Viewing the raster, in context:

Note the crs!

bbox = gpd.GeoSeries(shapely.geometry.box(*band5.bounds), crs=band5.crs)

fig, ax = plt.subplots(figsize=(10,10))
bbox.plot(ax=ax, alpha=0)
contextily.add_basemap(ax, crs=band5.crs)
rasterio.plot.show(band5, ax=ax, alpha=0.5)
ax.set_title("Band 5");

Values:

raster.read() gets a numpy array of the values. Note the missing data:

plt.hist(
    band5.read().flatten(),
    bins=100,
);

Now, let’s explore!

Things we won’t talk about: (see the docs for a lot more!)

  • USGS provides lots of downstream data products! Sophisticated combinations of bands to help:

    • ignore clouds
    • get useful real-world measurements (snow cover, thermal upwelling…)
  • What the spectral bands “mean”

  • How these bands relate to what we see

  • What people usually use this data for

Goals:

Basically, “make a nice picture”.

Concretely: make a map where color communicates something important about land type.

Two possible workflows:

  1. Pick a few ‘different’ locations on the map; find some combinations of bands that distinguish those; map these to colors.

  2. Do PCA, and map the PCs to colors.

A quick reminder about “colorspace”:

  • Human retinas most commonly have three kinds of color-sensitive photoreceptors.
  • So, our color perception is “three-dimensional”.
  • Printing: RGB (e.g., #3A11FF;) or CMYK
  • Perception: HSL and HSV
  • Plus: transparancy, or alpha: #3A11FF00;
  • On computer monitors, RGB values range from 0 to 255.

So, by “make an image” we mean “make 1 to 3 rectangular arrays of integers between 0 and 255”.

screenshot of a color picker in HSV space

Brainstorming:

  1. Pick a few ‘different’ locations on the map; find some combinations of bands that distinguish those; map these to colors.

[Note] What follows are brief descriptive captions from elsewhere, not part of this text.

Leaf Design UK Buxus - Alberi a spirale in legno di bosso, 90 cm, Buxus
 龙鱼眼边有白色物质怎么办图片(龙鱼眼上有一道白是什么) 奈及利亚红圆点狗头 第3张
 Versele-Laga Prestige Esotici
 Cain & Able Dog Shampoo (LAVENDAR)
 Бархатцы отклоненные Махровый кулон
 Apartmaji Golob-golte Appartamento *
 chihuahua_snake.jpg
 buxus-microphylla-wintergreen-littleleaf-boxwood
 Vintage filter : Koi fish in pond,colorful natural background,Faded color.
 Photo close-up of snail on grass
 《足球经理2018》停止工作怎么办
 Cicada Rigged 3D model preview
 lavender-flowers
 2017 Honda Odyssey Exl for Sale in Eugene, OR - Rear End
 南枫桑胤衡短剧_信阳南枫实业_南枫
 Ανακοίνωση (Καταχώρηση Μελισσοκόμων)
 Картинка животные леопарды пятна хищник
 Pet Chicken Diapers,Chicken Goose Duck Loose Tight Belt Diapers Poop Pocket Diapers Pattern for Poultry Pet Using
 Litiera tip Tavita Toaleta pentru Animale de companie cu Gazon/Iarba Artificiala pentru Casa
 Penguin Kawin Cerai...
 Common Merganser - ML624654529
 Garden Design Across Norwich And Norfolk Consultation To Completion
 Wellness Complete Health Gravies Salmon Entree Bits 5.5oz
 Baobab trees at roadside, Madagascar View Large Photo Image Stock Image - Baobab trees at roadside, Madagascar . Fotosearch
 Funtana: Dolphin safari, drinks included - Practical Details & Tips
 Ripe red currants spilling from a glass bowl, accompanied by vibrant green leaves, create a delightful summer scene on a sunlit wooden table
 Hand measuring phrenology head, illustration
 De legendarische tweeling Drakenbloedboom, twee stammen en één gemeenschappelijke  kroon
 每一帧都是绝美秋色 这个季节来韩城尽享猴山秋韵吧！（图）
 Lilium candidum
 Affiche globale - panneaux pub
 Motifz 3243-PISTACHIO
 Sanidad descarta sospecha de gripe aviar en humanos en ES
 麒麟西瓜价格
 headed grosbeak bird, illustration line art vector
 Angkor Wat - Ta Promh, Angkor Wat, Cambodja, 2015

  2. Do PCA, and map the PCs to colors.

  • What is the difference between these?
  • How would we actually do (1)?
  • How would we actually do (2)?

Tools

We could just reduce the landsat images to arrays, but we’d like to maintain spatial context.

So, we’ll need to:

  • Extract values from all the bands at particular locations.
  • Extract values from all the bands averaged across polygons (e.g., a circle around a location).
  • Combine together bands arithmetically.
  • Turn the result into an image.

Get the bands in order:

Note: beware; trying to do some things with all of these (e.g., plot them all) might crash your browser.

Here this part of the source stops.